PROBLEM DETAILS: Return the data below unaltered, but strip out the pictures.

::: DATA

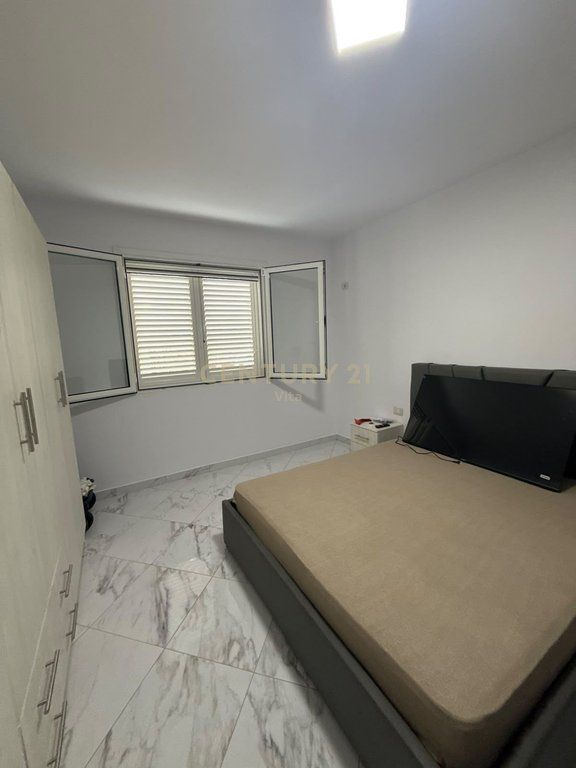 Apartament 2+1 me Qira në Durrës, pranë Spitalit!!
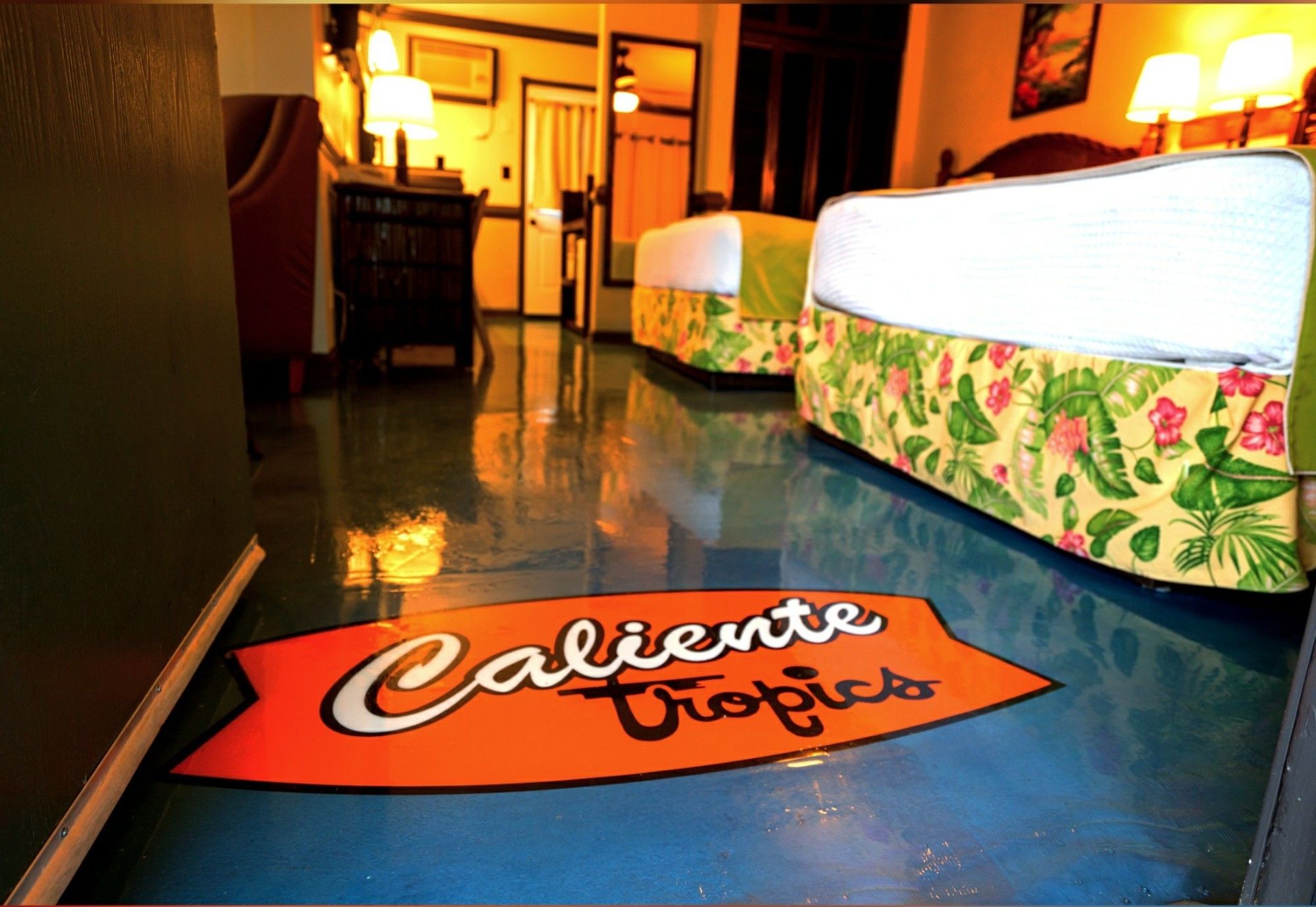 Фото Caliente Tropics Hotel
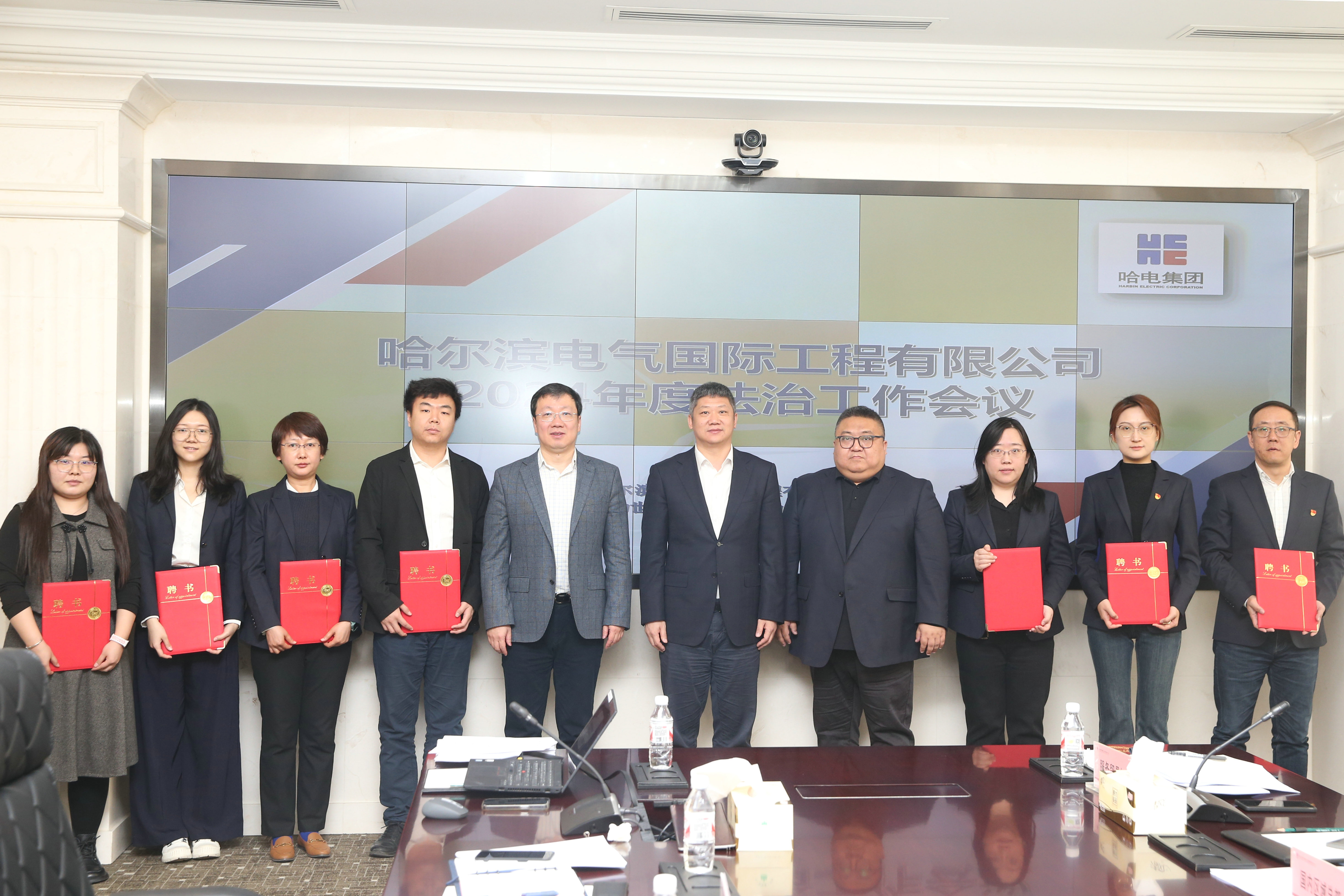 ng28(南宫)相信品牌的力量国际为部分重点部门法律顾问颁发聘书.jpg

::::::

OUTPUT BELOW:
 Apartament 2+1 me Qira në Durrës, pranë Spitalit!!
 Фото Caliente Tropics Hotel
 ng28(南宫)相信品牌的力量国际为部分重点部门法律顾问颁发聘书.jpg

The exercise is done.